* _WORK REQUIRED_
Would you transcribe the listing that follows word for word, skipping pictures?

* _INFORMATION PROVIDED_
----

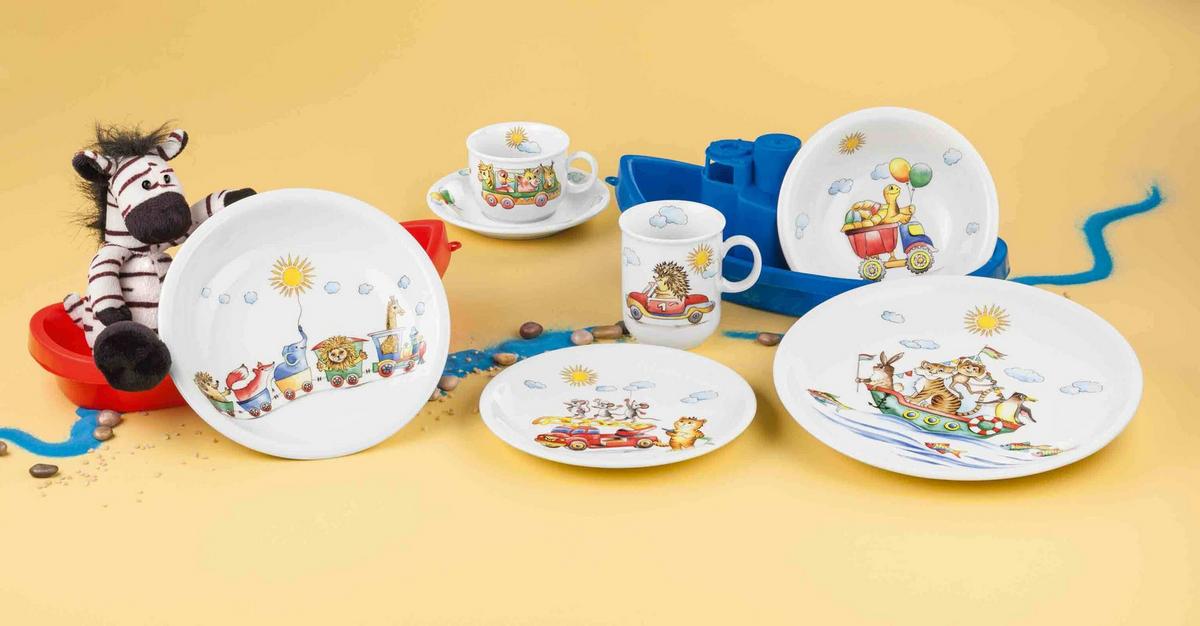 KINDERGESCHIRR SET Compact Flinke Flitzer bunt 5-tlg. - Multicolor, Keramik (2/2/2cm) - Seltmann Weiden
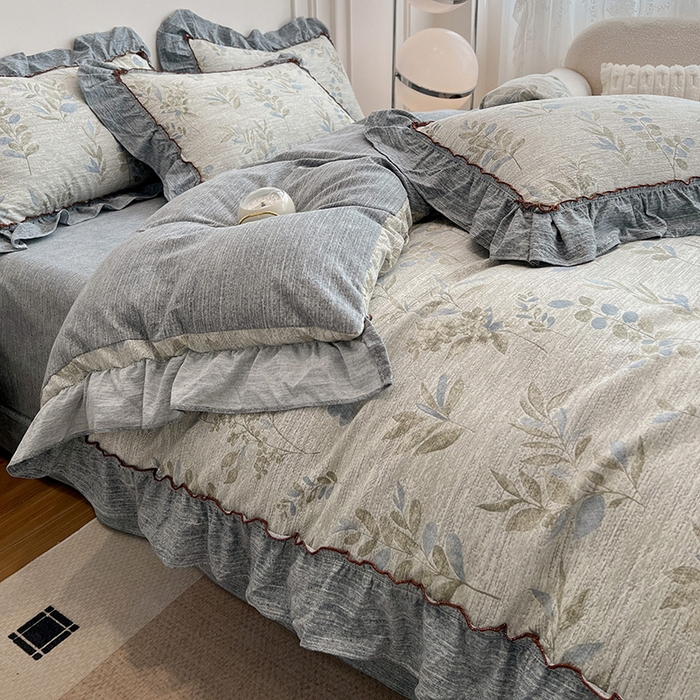 91家纺网 家纺一手货源 找家纺 鑫利来家纺 2025新款加厚高克重亚麻复古原麻皱皱纱印花法式花边四件套 香榭花园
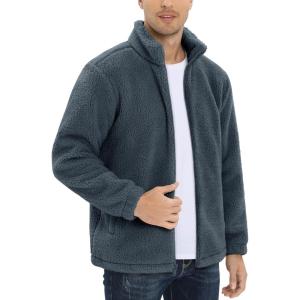 imageTACVASEN Mens Winter Jacket Soft Polar Fuzzy Sherpa Coat Casual Thermal Sweatshirts Full Zip Fleece Jacket With PocketDark Gray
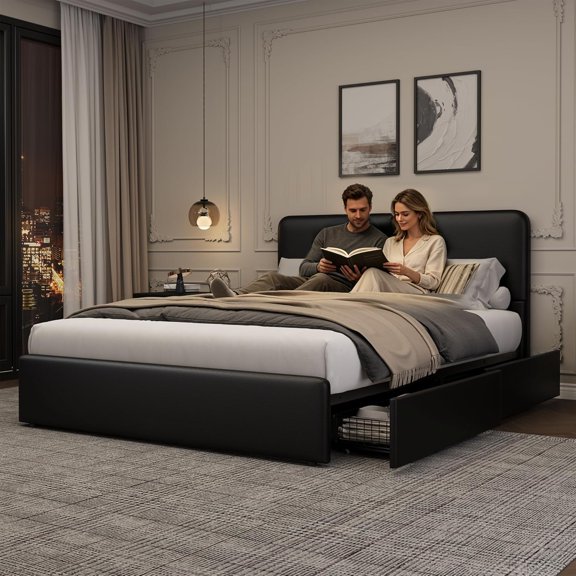 Upholstered Platform Bed Frame with Heavy-Duty Metal Frame, Dual Sliding Storage Drawers for Bedroom,Full,Black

----

* _ANSWER BOX_
 KINDERGESCHIRR SET Compact Flinke Flitzer bunt 5-tlg. - Multicolor, Keramik (2/2/2cm) - Seltmann Weiden
 91家纺网 家纺一手货源 找家纺 鑫利来家纺 2025新款加厚高克重亚麻复古原麻皱皱纱印花法式花边四件套 香榭花园
 imageTACVASEN Mens Winter Jacket Soft Polar Fuzzy Sherpa Coat Casual Thermal Sweatshirts Full Zip Fleece Jacket With PocketDark Gray
 Upholstered Platform Bed Frame with Heavy-Duty Metal Frame, Dual Sliding Storage Drawers for Bedroom,Full,Black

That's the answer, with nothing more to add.